Australians on the Western Front 1918 Volume Two: Spearheading the great British offensive by David W. Cameron - Book Review

About Marcus Fielding

Colonel Marcus Fielding was born and raised in Melbourne. He joined the Australian Army in 1983, graduated from the Royal Military College, Duntroon in December 1986, and was commissioned into the Royal Australian Engineers. He has held a variety of command, staff and instructional appointments and has served on operations in Pakistan, Afghanistan, Haiti, East Timor and Iraq. Colonel Fielding recently transferred from the full-time to part-time service with the Australian Army and is currently the President of MHHV and the President of the Camberwell RSL

In this, the second in a two-volume series, Cameron tells the story of Australian troops on the Western Front from May to November 1918. He covers Monash’s taking command of the Australian Corps, the lead up and conduct of the Battle of Hamel (4 July), the Battle of Amiens (8-12 July), the Battle for Mont St Quentin and Péronne (31 August – 3 September), the battles for the Hindenburg Outpost Line (18 September) and the Hindenburg Line (29 September) culminating with the capture of Beaurevoir and Montbrehain (3-5 October).

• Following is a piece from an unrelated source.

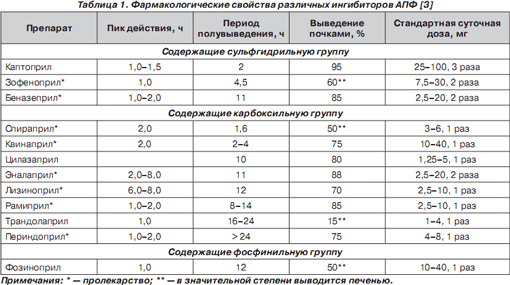 Ингибиторы АПФ перечень препаратов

Penguin Viking: Melbourne; 2018; 560 pp.; ISBN 9780670078288 (paperback); RRP $34.99

Penguin Viking: Melbourne; 2018; 560 pp.; ISBN 9780670078288 (paperback); RRP $34.99

Cameron recounts the military successes and challenges of the Australian Corps, during which many troops tragically lost their lives just as the war was finally drawing to a close. Ultimately, however, the breaking of the Hindenburg Line by Australian, Canadian, British and American troops delivered a crucial blow to the German army, who entered into an armistice with the Allies one month later. This book bears witness to the sacrifice and victories of the Australian Corps, which acted as ‘shock troops’ for the British Expeditionary Force despite their ongoing casualties and dwindling reinforcements.

Cameron once again draws on the diaries and letters of the participants to weave together a dynamic narrative around the significant moments that marked the defeat of the German Army, placing their actions within the broader strategic context. Cameron also covers the significant role that units from the American Expeditionary Force played as part of the Australian Corps in this period. His account strikes a good balance between being informative and entertaining.

Cameron completed his PhD in biological anthropology at the Australian National University and is a former Australian Research Council QEII Fellow at the Department of Anatomy and Histology, University of Sydney. He is the author of several books on Australian military history and primate evolutionary biology and has published over 60 papers in internationally peer-reviewed journals.

The book includes: 16 pages of black-and-white images; eight good quality maps to illustrate the movement of units in several battles; the order of battle of the Australian Corps down to infantry battalion level in mid-September 1918; extensive notes; a list of references; and a detailed index. The book’s publication is timely as we reflect on the final year of the Great War and Australia’s part in it.